After seeing “The Great Gatsby,” I left the theater with mixed emotions. I took some time to sort out my thoughts, but I still have conflicting opinions, and here’s why:
The book and the movie share the same plot, but there are elements that I feel are key to the novel that are omitted in the film. I think it’s best to examine the movie as its own entity, but that’s just plain impossible if you’ve read the book. Tobey Maguire stars as Nick Carraway, our narrator and guide through the film, but Leonardo DiCaprio’s Jay Gatsby steals the show. Relatively unknown, but likely to become very popular, actors populate the rest of the cast.
We begin with Nick, a bondsman turned writer, visiting an analyst. His analyst thinks it will be helpful to sort through his demons from the past if he writes about them– even if he decides to burn it after writing it. The film switches back from the story to Nick and the analyst from time to time. The real story is of the summer of 1922, when Nick comes from the Midwest to New York City to make a living selling bonds. He visits his cousin Daisy (Carey Mulligan), who is married to Tom (Joel Edgerton) whom Nick knows from Yale.

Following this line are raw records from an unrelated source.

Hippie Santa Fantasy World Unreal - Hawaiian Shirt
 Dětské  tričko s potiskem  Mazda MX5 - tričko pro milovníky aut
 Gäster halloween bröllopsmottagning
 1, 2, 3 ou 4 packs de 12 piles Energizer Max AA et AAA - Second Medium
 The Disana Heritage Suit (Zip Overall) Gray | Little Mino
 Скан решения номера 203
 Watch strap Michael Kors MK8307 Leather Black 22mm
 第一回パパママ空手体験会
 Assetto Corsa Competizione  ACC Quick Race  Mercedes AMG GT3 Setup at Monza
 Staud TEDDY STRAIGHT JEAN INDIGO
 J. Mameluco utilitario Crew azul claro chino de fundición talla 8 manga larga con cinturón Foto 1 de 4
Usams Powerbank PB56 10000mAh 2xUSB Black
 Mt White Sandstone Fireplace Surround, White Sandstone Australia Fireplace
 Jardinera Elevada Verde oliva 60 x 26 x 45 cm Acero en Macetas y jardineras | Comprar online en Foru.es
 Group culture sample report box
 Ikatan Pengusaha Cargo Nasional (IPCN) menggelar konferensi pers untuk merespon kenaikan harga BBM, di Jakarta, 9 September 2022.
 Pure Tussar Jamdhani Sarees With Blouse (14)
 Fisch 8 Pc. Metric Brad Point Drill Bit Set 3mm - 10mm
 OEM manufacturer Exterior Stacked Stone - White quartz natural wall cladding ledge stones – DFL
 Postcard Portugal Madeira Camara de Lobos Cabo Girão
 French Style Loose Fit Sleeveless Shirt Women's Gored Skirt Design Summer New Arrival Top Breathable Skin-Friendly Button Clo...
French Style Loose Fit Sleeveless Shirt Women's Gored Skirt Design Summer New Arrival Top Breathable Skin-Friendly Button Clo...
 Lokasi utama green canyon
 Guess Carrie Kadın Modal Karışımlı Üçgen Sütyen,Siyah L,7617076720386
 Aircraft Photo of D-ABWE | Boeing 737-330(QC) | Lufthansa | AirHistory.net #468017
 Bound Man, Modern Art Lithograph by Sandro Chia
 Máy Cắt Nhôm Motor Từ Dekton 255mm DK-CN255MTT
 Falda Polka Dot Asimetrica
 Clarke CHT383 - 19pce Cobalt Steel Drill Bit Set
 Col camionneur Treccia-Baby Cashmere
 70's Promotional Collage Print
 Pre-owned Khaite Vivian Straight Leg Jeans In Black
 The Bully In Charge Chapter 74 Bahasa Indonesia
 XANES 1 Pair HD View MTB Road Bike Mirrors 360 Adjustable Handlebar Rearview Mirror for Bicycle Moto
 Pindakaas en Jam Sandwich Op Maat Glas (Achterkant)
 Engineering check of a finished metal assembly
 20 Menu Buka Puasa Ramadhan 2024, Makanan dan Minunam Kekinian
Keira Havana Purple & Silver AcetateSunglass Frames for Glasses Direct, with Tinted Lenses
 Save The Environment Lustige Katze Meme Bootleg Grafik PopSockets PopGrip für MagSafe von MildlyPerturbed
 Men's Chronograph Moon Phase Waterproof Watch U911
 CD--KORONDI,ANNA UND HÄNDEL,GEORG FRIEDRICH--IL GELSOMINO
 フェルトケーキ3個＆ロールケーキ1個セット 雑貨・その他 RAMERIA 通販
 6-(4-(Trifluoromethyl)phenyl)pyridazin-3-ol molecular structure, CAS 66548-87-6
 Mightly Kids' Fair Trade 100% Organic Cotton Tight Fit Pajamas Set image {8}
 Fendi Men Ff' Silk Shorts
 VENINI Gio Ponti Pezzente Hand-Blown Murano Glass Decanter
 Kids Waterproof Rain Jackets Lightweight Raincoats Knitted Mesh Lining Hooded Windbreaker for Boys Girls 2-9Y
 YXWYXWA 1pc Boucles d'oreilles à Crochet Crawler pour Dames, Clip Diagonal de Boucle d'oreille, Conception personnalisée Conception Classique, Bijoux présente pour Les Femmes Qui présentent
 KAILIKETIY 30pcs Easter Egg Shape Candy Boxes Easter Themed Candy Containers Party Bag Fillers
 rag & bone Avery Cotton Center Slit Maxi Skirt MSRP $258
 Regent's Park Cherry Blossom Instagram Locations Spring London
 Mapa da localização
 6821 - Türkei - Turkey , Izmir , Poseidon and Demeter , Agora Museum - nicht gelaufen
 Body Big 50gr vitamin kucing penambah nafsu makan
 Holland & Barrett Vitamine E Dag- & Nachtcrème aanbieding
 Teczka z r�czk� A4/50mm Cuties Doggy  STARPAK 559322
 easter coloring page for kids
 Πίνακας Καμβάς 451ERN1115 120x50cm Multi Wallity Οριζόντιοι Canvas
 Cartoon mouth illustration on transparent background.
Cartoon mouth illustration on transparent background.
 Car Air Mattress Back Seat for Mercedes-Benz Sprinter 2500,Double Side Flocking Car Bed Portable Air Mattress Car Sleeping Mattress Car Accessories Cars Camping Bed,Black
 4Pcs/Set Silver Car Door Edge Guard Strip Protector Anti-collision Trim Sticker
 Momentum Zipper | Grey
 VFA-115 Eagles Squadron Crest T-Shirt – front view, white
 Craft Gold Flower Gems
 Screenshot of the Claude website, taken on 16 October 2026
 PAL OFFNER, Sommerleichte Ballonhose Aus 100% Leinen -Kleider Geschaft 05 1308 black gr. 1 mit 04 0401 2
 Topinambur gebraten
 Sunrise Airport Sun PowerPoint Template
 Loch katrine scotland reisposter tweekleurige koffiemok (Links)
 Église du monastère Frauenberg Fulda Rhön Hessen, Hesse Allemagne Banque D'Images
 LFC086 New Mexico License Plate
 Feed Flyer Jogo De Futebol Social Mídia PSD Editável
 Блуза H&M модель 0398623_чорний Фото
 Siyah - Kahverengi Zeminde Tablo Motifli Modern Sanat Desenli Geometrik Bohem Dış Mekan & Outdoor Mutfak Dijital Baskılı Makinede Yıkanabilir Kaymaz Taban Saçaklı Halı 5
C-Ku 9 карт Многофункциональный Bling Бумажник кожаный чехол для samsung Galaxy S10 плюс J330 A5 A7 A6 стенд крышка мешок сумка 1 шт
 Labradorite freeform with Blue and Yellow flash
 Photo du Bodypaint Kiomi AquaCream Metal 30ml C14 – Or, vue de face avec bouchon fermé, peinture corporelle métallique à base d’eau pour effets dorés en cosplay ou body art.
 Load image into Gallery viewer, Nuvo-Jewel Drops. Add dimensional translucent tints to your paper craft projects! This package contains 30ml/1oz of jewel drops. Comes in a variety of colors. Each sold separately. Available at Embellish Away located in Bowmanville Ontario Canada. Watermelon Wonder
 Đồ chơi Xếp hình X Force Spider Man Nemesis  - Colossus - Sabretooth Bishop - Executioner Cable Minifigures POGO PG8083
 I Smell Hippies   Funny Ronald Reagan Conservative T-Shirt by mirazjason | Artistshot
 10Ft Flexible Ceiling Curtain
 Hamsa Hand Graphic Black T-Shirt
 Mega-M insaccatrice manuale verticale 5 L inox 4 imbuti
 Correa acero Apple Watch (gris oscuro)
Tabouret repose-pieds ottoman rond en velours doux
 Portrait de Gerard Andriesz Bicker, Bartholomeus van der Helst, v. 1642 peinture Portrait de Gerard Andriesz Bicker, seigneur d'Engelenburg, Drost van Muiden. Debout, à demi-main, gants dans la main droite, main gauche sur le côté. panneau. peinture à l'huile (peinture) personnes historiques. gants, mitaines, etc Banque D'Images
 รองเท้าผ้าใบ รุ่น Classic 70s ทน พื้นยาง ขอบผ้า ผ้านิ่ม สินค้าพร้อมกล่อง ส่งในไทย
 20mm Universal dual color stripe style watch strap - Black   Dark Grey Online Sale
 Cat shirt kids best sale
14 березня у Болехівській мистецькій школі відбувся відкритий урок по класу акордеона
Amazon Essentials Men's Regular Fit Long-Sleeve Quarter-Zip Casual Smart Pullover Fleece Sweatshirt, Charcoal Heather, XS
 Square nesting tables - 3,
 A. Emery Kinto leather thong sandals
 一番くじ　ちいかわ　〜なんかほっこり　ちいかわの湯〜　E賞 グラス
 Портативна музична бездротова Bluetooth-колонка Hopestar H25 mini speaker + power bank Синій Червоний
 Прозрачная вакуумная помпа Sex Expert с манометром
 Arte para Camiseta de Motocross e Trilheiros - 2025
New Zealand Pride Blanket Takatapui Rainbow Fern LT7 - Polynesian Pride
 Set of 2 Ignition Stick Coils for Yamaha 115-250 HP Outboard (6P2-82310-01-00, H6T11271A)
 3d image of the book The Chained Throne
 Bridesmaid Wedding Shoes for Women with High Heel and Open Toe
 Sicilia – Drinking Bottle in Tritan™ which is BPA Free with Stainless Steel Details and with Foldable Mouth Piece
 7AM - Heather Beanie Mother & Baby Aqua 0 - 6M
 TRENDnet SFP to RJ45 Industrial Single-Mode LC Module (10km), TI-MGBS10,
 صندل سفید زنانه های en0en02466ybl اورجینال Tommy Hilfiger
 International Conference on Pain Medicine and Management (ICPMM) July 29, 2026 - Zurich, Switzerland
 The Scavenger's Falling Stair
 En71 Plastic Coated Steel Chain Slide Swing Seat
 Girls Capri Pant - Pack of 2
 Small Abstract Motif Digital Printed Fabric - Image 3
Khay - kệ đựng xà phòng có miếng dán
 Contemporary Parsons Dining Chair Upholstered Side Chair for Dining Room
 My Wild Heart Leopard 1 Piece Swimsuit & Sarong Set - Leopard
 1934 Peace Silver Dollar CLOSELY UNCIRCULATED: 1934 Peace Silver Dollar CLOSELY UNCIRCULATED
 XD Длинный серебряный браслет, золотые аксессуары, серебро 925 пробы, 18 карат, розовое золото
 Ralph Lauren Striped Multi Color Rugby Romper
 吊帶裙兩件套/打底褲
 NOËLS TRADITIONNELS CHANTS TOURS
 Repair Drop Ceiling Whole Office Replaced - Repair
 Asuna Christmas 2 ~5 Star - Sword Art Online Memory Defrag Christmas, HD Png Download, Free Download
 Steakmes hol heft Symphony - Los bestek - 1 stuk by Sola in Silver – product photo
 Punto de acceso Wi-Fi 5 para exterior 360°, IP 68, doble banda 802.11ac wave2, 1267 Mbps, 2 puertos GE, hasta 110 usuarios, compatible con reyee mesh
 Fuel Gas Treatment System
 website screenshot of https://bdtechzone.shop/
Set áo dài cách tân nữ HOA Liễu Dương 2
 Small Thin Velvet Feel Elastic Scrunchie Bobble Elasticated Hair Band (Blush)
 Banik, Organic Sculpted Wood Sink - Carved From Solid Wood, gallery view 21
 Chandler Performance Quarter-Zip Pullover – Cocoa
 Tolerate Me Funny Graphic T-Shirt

He also meets Jordan Baker (Elizabeth Debicki), a professional golfer and his love interest for the summer. As he struggles at his new occupation, he cannot help but observe the extravagant parties thrown by his neighbor, Jay Gatsby. He is finally invited to a party in Gatsby’s gigantic house and finds his host fascinating and enigmatic. They spend some time together becoming casual friends, but it is later in the film that we find out that Gatsby has told Jordan that he is, and has been for years, madly in love with her friend Daisy. He has also implored Jordan to ask Nick to arrange for Daisy to come to tea at Nick’s rental cottage when he is there. Nick is worried that Daisy may not want to see Gatsby, but he arranges the meeting anyway. Though it is incredibly awkward at first, this meeting is the beginning of an affair between Gatsby and Daisy. Nick, and everyone else including Daisy, already know that Daisy’s husband Tom has a married girlfriend. In fact, Nick has met the mistress, Myrtle Wilson (Isla Fisher), while driving with Tom, and he has attended a wild and explicit [?] party with her, her sister, and a few of her friends. The harshest conflict arises when Tom and Myrtle’s husband George both figure out that their wives are having affairs. On the hottest day of the year, absolutely everything escalates and three characters lose their lives.
What I disliked most about the movie was the added touches that made it much more vulgar than the novel. F. Scott Fitzgerald writes with a descriptive grace that gets the message across without pummeling you over the head with it. For example, in the book Nick walks into Tom’s love nest with Myrtle and they are privately engaged. It is clear to the reader what is happening. However, in the movie we are treated to unwanted sound effects. There is also a speak-easy scene where scantily clad women are dancing on a stage to entertain the male clientele. All of the dancers are black women. Especially after we have heard Tom’s thoughts on “The Rise of Colored Empires” and his perception of the obvious superiority of the “white race,” this scene felt extremely uncomfortable and degrading. It was also completely gratuitous, as it was not at all mentioned in the book.
Unless you’re Humphrey Bogart, voice-overs are hard to make likable, and, unfortunately, I did not like Tobey Maguire’s performance as Nick. Nick is trapped in the middle of all this, but sticks to his own moral code in the book. In the movie, Nick allows himself to be sucked further in to deviant behaviors that he later regrets. I did not have the fondness I feel for Nick Carraway in the book for Tobey Maguire’s Nick Carraway in the film. (There is one more issue discussed at the end of this review but it contains spoilers.)
There is lots to love about the movie, too. It is visually dazzling from start to finish, and though I had doubts about the soundtrack going into it, I ended up thoroughly enjoying it. However, what I like most were the performances from Leonardo DiCaprio and Carey Mulligan. Though, DiCaprio is a little old for the character, the rawness of his performance makes it easy to forget his age. He is everything I imagined for Jay Gatsby. His barely concealed vulnerability is irresistible. Speaking of irresistible, Carey Mulligan lights up every scene as Daisy. She is charming and effervescent, even though the character can be absolutely despicable, and many of Daisy’s most charming lines from the novel are not used in this film version. The supporting cast is excellent as well. Honestly, I could watch the film muted, and just enjoy the costumes.
This movie is rated PG-13, and it means it. I would be reluctant to let a 13 year old watch this film. There are fist fights, violence against women, constant themes of infidelity, and though the openly racist character is shown to be an awful person, the filmmakers show black women as entertainment and sex objects for white men.
I did enjoy the movie, but I love the book. To be fair, I’m not sure any movie version could do the book justice. The movie successfully evokes feeling from the audience, and portrays decadence and desolation in a way that I think F. Scott Fitzgerald would be proud of.
Spolier Alert! My biggest issue with the movie was with the way George Wilson finds out who owned the car that killed his wife Myrtle. In the movie, Tom tells him it was Jay Gatsby because he is upset over Myrtle’s death and because he believes it to be true. In the book, there is conversation between Daisy and Tom after the accident, and a definite opportunity for Daisy to admit that she had been driving the car before Tom and George discuss it. That could help explain the couple’s abrupt departure from their home. Tom is a violent, racist, unfaithful monster in the book. Wanting Myrtle’s killer to be outed and punished almost feels too human for Tom.